Problems with Web Application Development Today

I want to separate "web app" development from general "web" development, simply because most websites aren't single-page applications, or web apps in the sense we think of gmail, or hey.com. It's put most concisely in "How the Web is Really Built". Here, though, I'll be talking about that subset of the web which can be categorized more as an application than simply a web site.

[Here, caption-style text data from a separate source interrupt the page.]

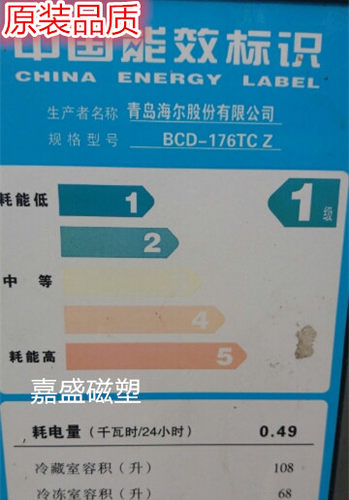 适用于海尔BCD-176TCZ 176TSDZ 176TS 176TCZA 176TMZL 门封条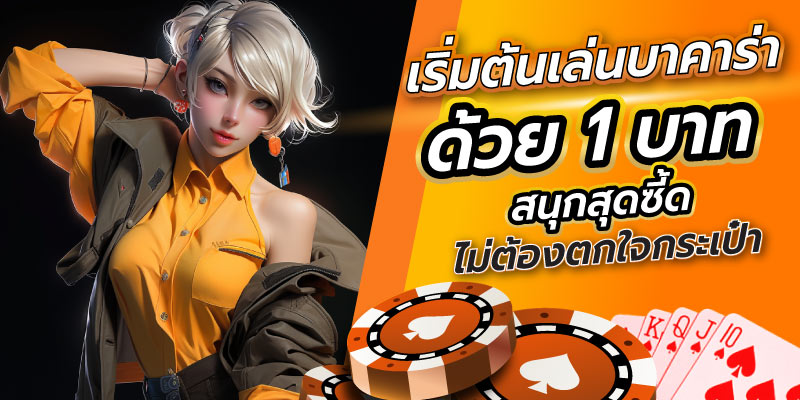 เล่นบาคาร่าด้วยเงิน 1 บาท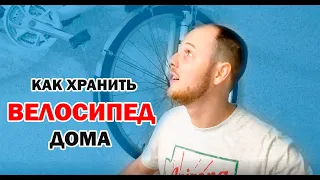 Крепление велосипеда на стену! КРОНШТЕЙН с ОЗОНА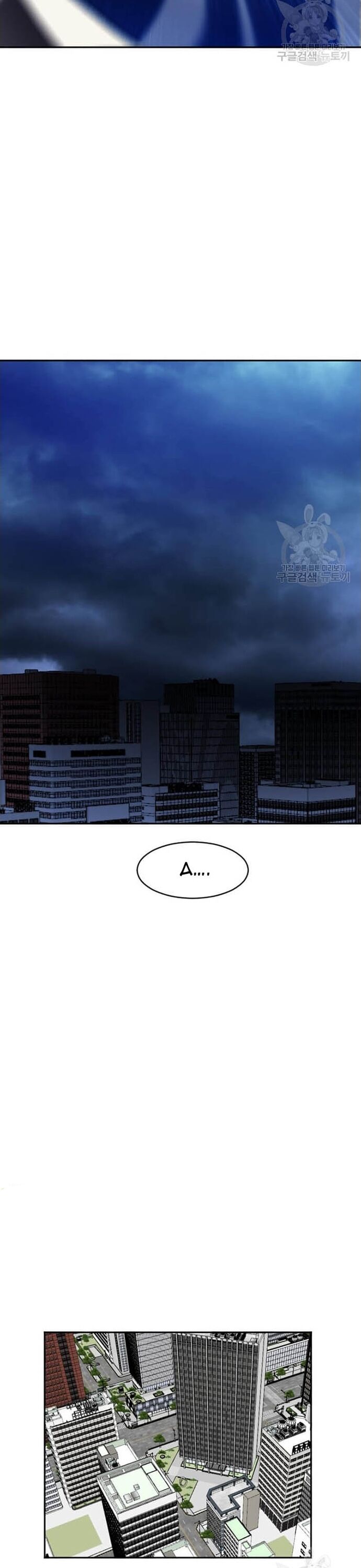 Tôi Nhặt Được Điện Thoại Từ Thế Giới Khác Chapter 208 - Trang 2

Building a web app is always going to be a complex endeavour. SPA view libraries like React have emerged in the past five or so years as an awesome way to handle that complexity on the client side, allowing developers to build interactive user-interfaces in a composable way, re-using components easily in different parts of the site.

Duplication of Concerns

Generally, when building a React app, you get any dynamic data through a loosely coupled JSON API (in my personal preference, probably written with Django REST Framework). If you're using a web framework like Django or Ruby on Rails, then you're going to have a lot of complexity and business logic on both the frontend and backend. Whenever you add a feature, you need to ask yourself where it should be added. The loose coupling between parts that may very well be written in different languages means that it's really difficult to share code, and even if you're doing something as simple as validating a form, you'll probably end up with a decent amount of duplicated business logic, a big no-no if you follow the DRY principle!

Data Fetching Boilerplate

Loosely-coupled APIs present another challenge when building web apps: the boilerplate that comes along with getting the data out of your database and displayed in a browser. The general process for an SPA follows this outline:

  1. [User] Navigates to a page, submits a form, or clicks on a resource.

  2. [Browser] Send a request, along with any route parameters and arguments, to a backend API endpoint.

  3. [Server] API endpoint is called, fetches data from the database using the parameters in the request.

  4. [Server] After retrieving data from the database, marshal that data into JSON to be sent back to the client.

  5. [Browser] Receive JSON from request, un-marshal the JSON into data structures that the web app can understand. For a React app, this would include passing the data as props to each component that uses the data to for render itself.

And that's only the happy path! In the case of a validation error, for example, the server would return a 400 response with some JSON details, and the client again would need to catch that error, and render it properly. It really is a lot of boilerplate for any given request.

There are frontend libraries like SWR which factor out as much boilerplate as possible and encourage declarative patterns for your own data fetching, but "thick client" web apps will always need to marshal data to JSON on the server, and un-marshal to some view-able format on the client.

Managing SPA Complexity in 2020

There's a bunch of different solutions to these problems for those who still want to provide an SPA experience, and they fall broadly into two separate categories.

Frontend-First: The JAMStack

In recent years, there's been a big push towards the JAMStack: pushing all your complexity and business logic onto your frontend, and relying mostly on commodified API services for your backend work. JSON is still the lingua franca here, but reliance on pre-built backends as a service for different functionalities, along with query languages like GraphQL, means that there isn't any backend boilerplate handled by developers. All the complexity and business logic is pushed to the client-side, which alleviates worries about duplication of concerns.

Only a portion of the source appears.